*EXERCISE DIRECTIONS*
Each line below is to be written out in full, exactly as shown.

*RAW DATA*
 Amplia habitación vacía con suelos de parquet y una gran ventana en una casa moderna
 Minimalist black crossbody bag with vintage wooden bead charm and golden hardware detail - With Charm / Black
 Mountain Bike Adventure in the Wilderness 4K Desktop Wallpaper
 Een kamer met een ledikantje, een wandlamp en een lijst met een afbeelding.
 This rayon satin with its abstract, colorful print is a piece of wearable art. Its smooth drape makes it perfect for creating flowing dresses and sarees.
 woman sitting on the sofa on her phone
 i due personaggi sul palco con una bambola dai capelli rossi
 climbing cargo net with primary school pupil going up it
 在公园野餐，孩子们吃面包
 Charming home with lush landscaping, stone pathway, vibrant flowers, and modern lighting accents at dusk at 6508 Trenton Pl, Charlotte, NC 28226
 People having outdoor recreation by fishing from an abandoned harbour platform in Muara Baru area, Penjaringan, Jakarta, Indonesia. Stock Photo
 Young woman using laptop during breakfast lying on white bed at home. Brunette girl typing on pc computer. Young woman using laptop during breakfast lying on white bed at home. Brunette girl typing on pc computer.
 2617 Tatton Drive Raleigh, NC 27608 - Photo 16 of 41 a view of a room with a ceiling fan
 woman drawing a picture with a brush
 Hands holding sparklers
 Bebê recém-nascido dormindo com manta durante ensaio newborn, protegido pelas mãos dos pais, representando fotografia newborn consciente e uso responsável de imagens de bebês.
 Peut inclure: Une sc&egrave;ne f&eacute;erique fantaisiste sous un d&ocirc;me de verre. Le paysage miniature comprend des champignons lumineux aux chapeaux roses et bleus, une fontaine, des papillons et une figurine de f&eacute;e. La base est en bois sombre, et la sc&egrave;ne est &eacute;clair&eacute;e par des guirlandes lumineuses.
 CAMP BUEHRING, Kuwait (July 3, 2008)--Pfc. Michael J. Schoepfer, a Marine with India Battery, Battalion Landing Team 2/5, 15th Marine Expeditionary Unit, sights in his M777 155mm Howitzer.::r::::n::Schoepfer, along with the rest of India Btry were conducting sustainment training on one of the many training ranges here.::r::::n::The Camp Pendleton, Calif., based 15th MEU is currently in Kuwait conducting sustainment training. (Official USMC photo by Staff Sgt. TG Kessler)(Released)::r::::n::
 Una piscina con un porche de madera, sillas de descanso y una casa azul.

*RESULT OF THIS TASK*
 Amplia habitación vacía con suelos de parquet y una gran ventana en una casa moderna
 Minimalist black crossbody bag with vintage wooden bead charm and golden hardware detail - With Charm / Black
 Mountain Bike Adventure in the Wilderness 4K Desktop Wallpaper
 Een kamer met een ledikantje, een wandlamp en een lijst met een afbeelding.
 This rayon satin with its abstract, colorful print is a piece of wearable art. Its smooth drape makes it perfect for creating flowing dresses and sarees.
 woman sitting on the sofa on her phone
 i due personaggi sul palco con una bambola dai capelli rossi
 climbing cargo net with primary school pupil going up it
 在公园野餐，孩子们吃面包
 Charming home with lush landscaping, stone pathway, vibrant flowers, and modern lighting accents at dusk at 6508 Trenton Pl, Charlotte, NC 28226
 People having outdoor recreation by fishing from an abandoned harbour platform in Muara Baru area, Penjaringan, Jakarta, Indonesia. Stock Photo
 Young woman using laptop during breakfast lying on white bed at home. Brunette girl typing on pc computer. Young woman using laptop during breakfast lying on white bed at home. Brunette girl typing on pc computer.
 2617 Tatton Drive Raleigh, NC 27608 - Photo 16 of 41 a view of a room with a ceiling fan
 woman drawing a picture with a brush
 Hands holding sparklers
 Bebê recém-nascido dormindo com manta durante ensaio newborn, protegido pelas mãos dos pais, representando fotografia newborn consciente e uso responsável de imagens de bebês.
 Peut inclure: Une sc&egrave;ne f&eacute;erique fantaisiste sous un d&ocirc;me de verre. Le paysage miniature comprend des champignons lumineux aux chapeaux roses et bleus, une fontaine, des papillons et une figurine de f&eacute;e. La base est en bois sombre, et la sc&egrave;ne est &eacute;clair&eacute;e par des guirlandes lumineuses.
 CAMP BUEHRING, Kuwait (July 3, 2008)--Pfc. Michael J. Schoepfer, a Marine with India Battery, Battalion Landing Team 2/5, 15th Marine Expeditionary Unit, sights in his M777 155mm Howitzer.::r::::n::Schoepfer, along with the rest of India Btry were conducting sustainment training on one of the many training ranges here.::r::::n::The Camp Pendleton, Calif., based 15th MEU is currently in Kuwait conducting sustainment training. (Official USMC photo by Staff Sgt. TG Kessler)(Released)::r::::n::
 Una piscina con un porche de madera, sillas de descanso y una casa azul.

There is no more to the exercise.